2. Dissection of Kidneys 

  1. After perfusion is complete, use scissors and forceps to dissect the right kidney from its attachments (blood vessels, fat and adrenal glands) and excise.
  2. Gently remove the capsule covering the kidney by cutting and dissecting with a forceps. Weigh the kidney.
    Note: Weighing the kidney is optional. However, some experiments may result in change in kidney size/weight which may be used to normalize cell yield per gram of tissue.
  3. After weighing the kidney, place it in 1 ml of RPMI-1640 containing 0.5% FBS or flow cytometry staining buffer solution (50 ml conical screw cap tube) and place the tube on ice till further use.
    Note: For ease of description, we will describe the rest of the isolation of immune cells in the flow cytometry staining buffer solution. In addition, we will describe isolation of immune cells from a single kidney, although both kidneys or 1+1/3rd of the kidneys can be used depending on the downstream experiments (optional). 1/3rd of the kidney could be frozen for protein/RNA experiments and 1/3rd can be placed in buffers for immunohistochemistry or transmission electron microscopy.
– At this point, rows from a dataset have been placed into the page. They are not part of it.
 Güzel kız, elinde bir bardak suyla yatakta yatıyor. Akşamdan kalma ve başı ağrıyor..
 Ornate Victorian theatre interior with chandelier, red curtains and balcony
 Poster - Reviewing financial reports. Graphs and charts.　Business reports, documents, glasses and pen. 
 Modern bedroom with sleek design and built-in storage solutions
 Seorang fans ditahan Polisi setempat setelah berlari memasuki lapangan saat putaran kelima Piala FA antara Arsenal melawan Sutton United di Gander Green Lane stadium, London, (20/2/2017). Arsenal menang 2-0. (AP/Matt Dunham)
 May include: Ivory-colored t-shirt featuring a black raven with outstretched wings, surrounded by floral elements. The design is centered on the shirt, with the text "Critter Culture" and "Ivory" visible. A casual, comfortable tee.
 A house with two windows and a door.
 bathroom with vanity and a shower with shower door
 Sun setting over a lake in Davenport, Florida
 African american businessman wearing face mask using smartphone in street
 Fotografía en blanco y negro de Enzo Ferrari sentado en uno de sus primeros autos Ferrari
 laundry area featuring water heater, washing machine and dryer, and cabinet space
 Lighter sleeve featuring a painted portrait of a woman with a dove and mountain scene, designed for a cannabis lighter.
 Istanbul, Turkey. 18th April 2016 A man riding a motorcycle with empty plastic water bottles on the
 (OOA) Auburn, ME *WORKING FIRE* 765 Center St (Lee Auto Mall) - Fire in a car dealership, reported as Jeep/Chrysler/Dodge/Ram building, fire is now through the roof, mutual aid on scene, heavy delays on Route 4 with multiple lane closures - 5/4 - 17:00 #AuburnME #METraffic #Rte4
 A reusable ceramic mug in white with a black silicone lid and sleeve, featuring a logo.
3. Homogenization of Kidneys

  1. Label a 5-80 ml capacity homogenization bag with sample identification information, remove the inside strainer (STR) and discard it. Fill the bag with 5 ml of ice cold Flow Cytometry Staining Buffer solution and transfer kidney to the buffer. Repeat this process for a second sample or more samples that need processing.
  2. Fold the homogenization bag in half, such that one half has the kidney submerged in the Flow Cytometry Staining Buffer solution and the other half is simply folded over it.
  3. Turn on the tissue homogenizer and set it to fast (setting) rpm. Place the folded homogenization bag with the kidney facing the paddle, close to the bottom edge but make sure the lower end of the bags are not sliding below the lower border of the paddles.
    1. Process the second sample simultaneously as there are 2 paddles. Select time as 120 sec. Observe the paddles move back and forth to homogenize the kidneys.
      Note: Meanwhile, this downtime can be used to prepare 2 more kidney (or other tissue) samples while the first two are processing.
  4. After completing with first set of homogenization, transfer the bags to ice and reload the tissue homogenizer with the next set of samples and so on. Visually ensure that the kidneys are adequately homogenized and no large chunks are visible.
    Note: Generally, 2 min in the tissue homogenizer at fast rpm is adequate for the kidney.
  5. Place a 100 µm cell strainer into the 50 ml conical tube on ice. Next, pipette the homogenate completely on to the cell strainer. Set a floor centrifuge at 50 x g for 1 min at 4 °C and load the samples into the centrifuge.
    Note: Centrifugation will ensure that all homogenate (containing cells) has passed through the cell strainer.
  6. Remove the tubes from the centrifuge and place them back on ice. Discard the cell strainers and keep the homogenate. Add equal volume (~ 6 ml) of 1x RBC lysis buffer to the cell pellet/supernatant and pipette up and down several times to make a uniform cell suspension. Visually, observe some of the red color in the suspension decrease immediately. Leave the tubes on ice for 5 min to achieve maximum RBC lysis.
    Note: the RBC lysis step can be skipped if the investigator is confident of the kidney perfusion and less cell manipulation is desired. We have observed a significant increase in kidney cell yield by not subjecting the cell suspension to RBC lysis.
  7. Spin the tubes in the centrifuge that has been set to 500 x g, 4 °C for 5 min to form a cell pellet.
    Note: During steps 3.6 and 3.7, prepare for colloidal silica (Percoll) based density gradient centrifugation.
    1. Take 10 ml round bottom polypropylene tubes and label them with corresponding sample numbers and place them in a tube rack.
      Note: The following describes how to make enough density gradient reagents for 4 kidney samples.
    2. Take 7 ml of Flow Cytometry Staining Buffer solution and pipette it into a 15 ml conical tube. Add 1 ml of 2 M sucrose to prepare 0.25 M sucrose.
    3. Next, take 7.2 ml of density gradient reagent and pipette it into another 15 ml conical tube. Add 1.55 ml of Flow Cytometry Staining Buffer solution and 1.25 ml of 2 M sucrose to prepare 72% density gradient reagent and 0.25 M sucrose.
    4. Pipette 1 ml of 72% density gradient reagent into one round bottom polypropylene tube for each sample.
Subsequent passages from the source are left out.